Required action
For the material below, output exactly the span from the line with "Cover-Bild zum Titel" to the line with "2013 Nissan Altima", including both, and nothing besides.

Given data
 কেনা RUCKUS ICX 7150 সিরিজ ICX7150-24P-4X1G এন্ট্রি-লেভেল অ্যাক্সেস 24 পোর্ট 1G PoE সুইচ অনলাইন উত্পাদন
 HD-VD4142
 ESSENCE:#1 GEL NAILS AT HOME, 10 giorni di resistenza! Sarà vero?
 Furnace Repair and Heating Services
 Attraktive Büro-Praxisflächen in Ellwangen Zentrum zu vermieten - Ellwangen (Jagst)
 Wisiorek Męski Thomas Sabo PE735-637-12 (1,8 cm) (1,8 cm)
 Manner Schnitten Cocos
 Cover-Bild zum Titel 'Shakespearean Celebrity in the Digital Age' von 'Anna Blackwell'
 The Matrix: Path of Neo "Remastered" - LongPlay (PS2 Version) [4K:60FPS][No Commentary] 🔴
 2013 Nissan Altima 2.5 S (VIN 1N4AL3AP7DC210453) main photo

* * *

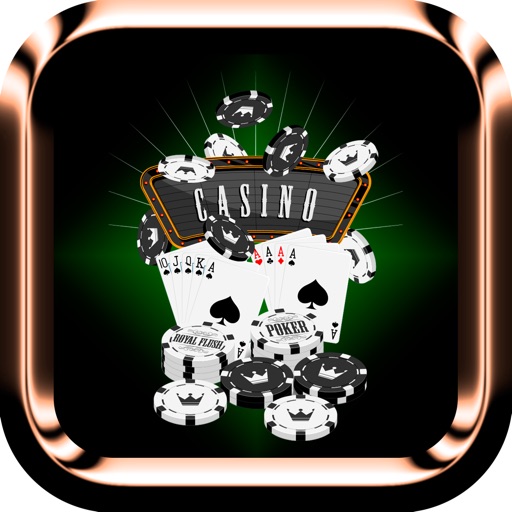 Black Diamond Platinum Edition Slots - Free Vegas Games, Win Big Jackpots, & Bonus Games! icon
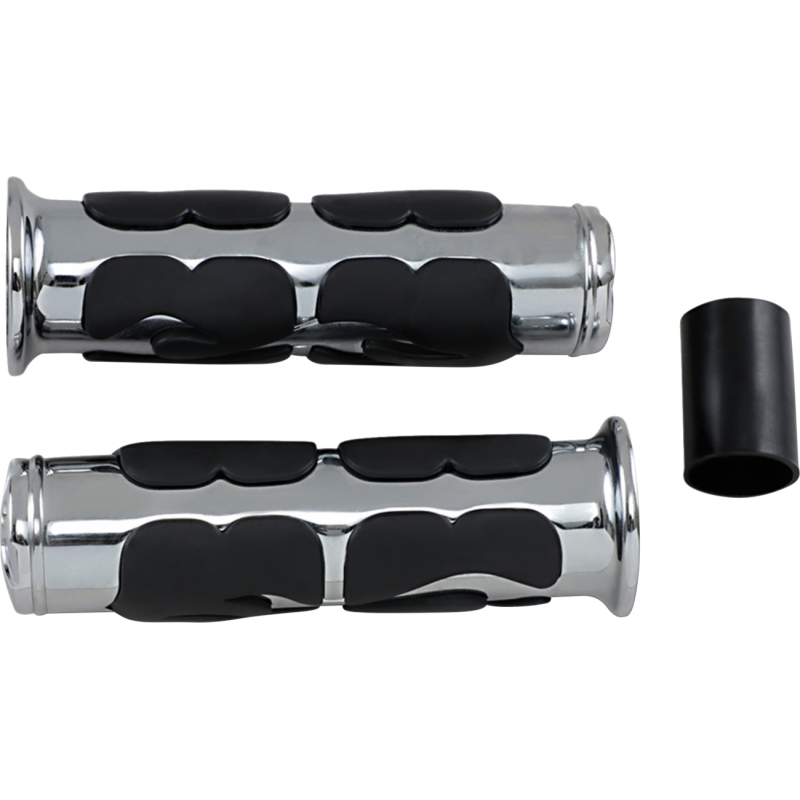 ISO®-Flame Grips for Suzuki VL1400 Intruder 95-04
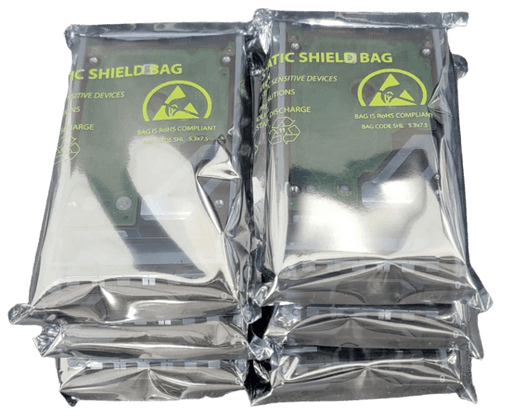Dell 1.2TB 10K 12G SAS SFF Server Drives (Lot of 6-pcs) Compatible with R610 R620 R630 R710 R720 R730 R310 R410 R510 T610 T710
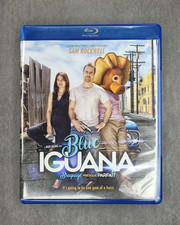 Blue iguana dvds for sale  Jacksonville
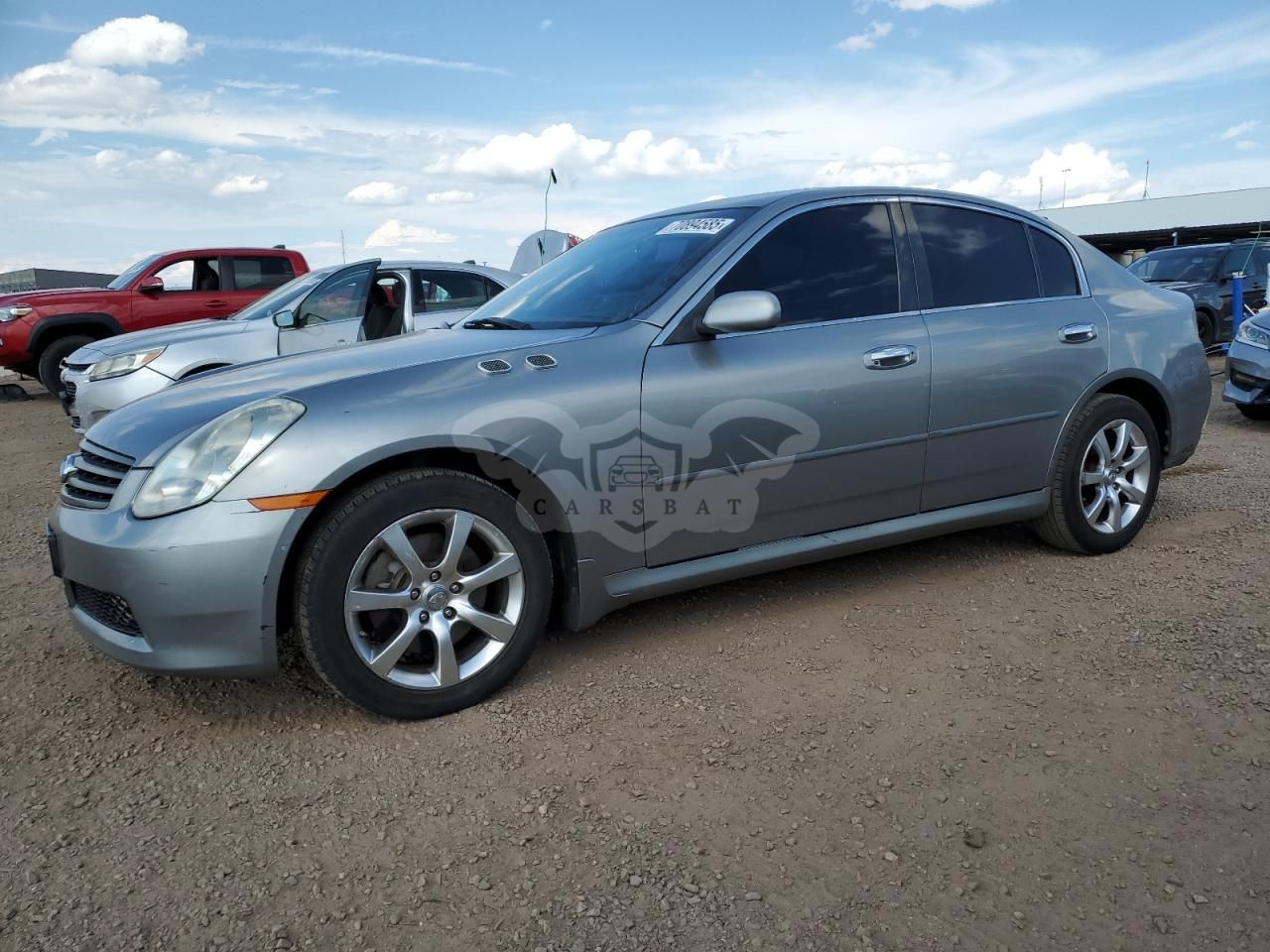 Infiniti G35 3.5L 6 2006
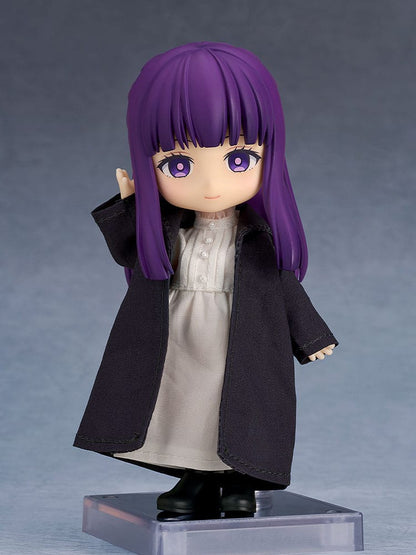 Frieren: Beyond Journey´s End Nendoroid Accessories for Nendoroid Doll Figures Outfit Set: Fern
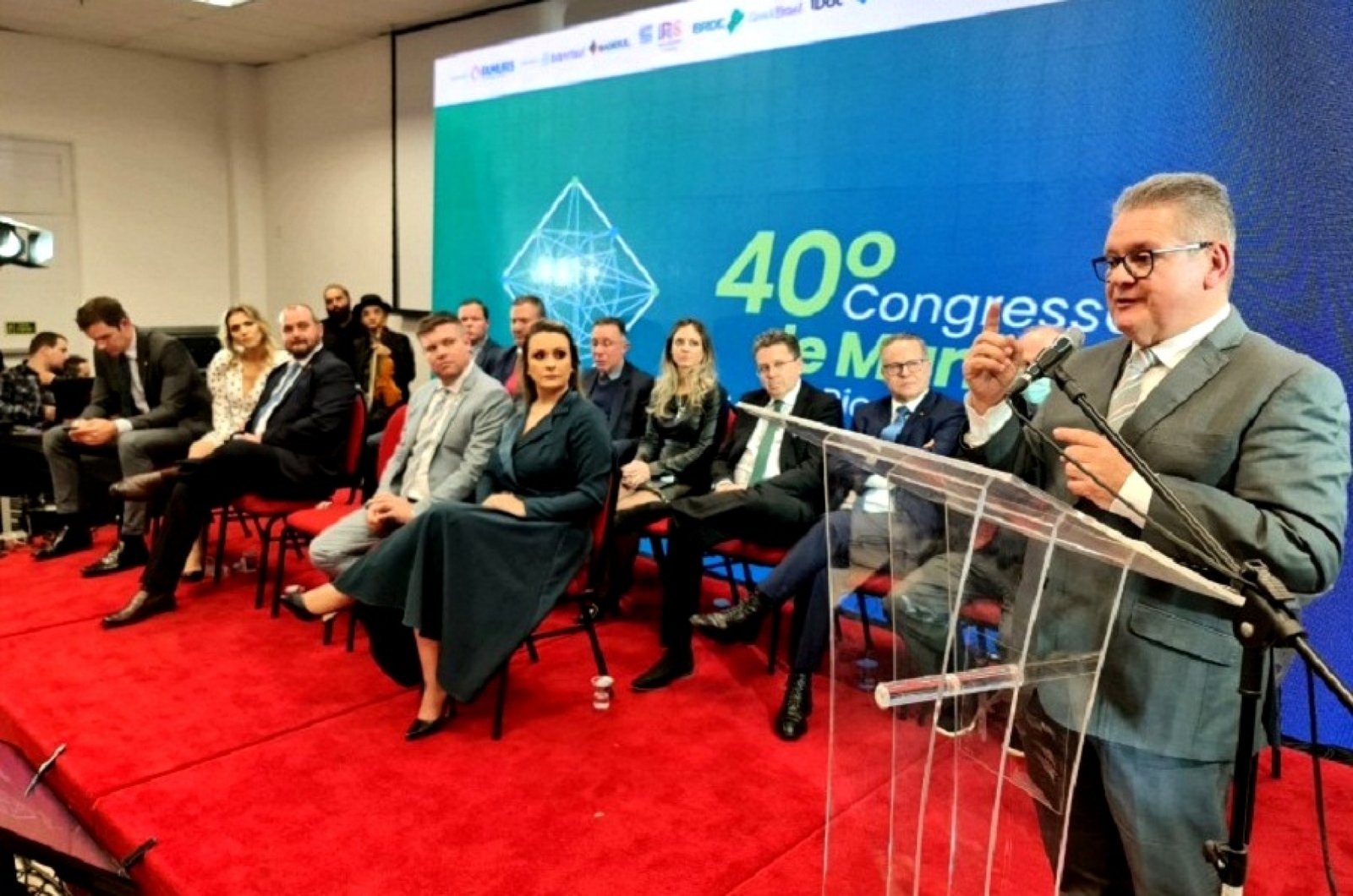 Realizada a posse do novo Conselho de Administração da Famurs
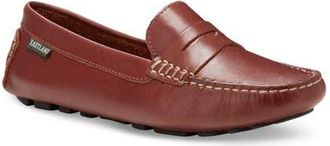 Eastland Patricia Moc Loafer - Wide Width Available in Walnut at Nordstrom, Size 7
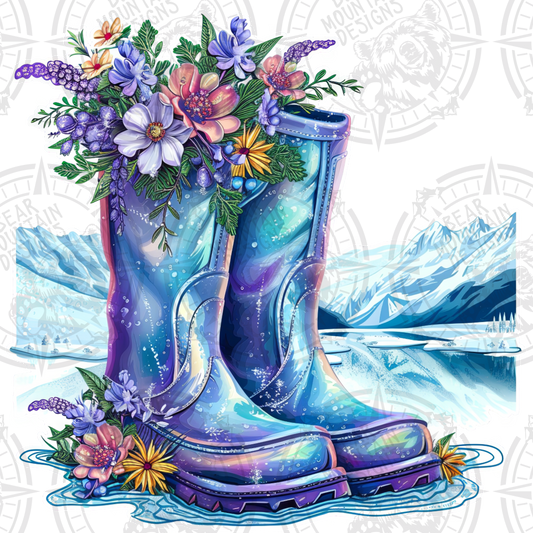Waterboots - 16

---

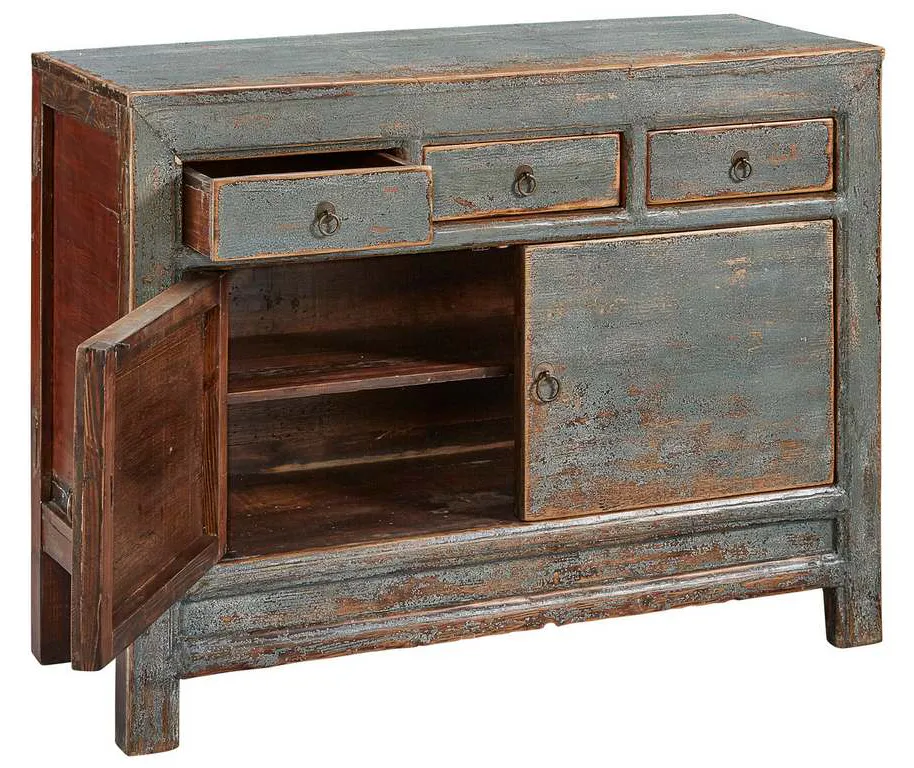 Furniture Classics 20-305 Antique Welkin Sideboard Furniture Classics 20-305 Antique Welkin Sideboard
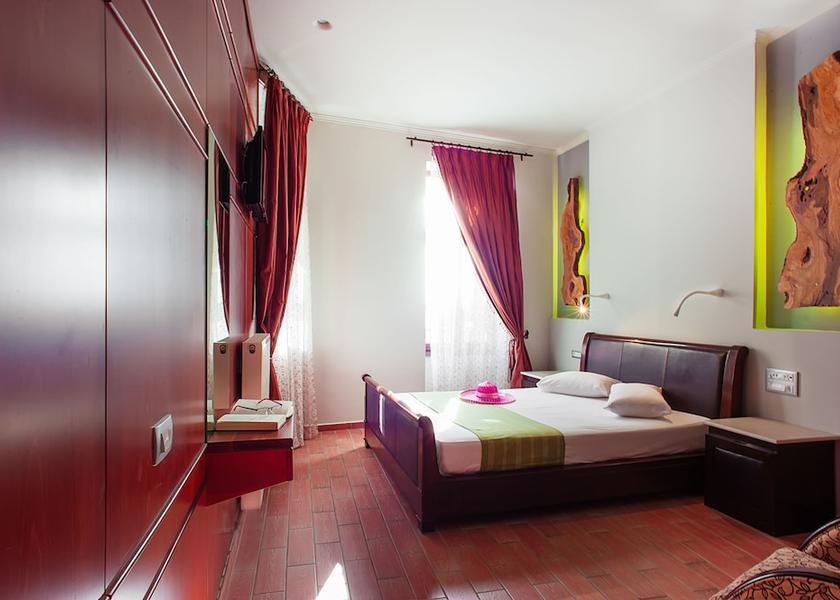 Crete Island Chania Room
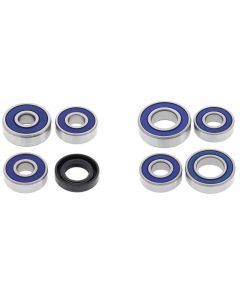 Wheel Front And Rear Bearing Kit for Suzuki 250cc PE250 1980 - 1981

Answer to the problem
 Cover-Bild zum Titel 'Shakespearean Celebrity in the Digital Age' von 'Anna Blackwell'
 The Matrix: Path of Neo "Remastered" - LongPlay (PS2 Version) [4K:60FPS][No Commentary] 🔴
 2013 Nissan Altima 2.5 S (VIN 1N4AL3AP7DC210453) main photo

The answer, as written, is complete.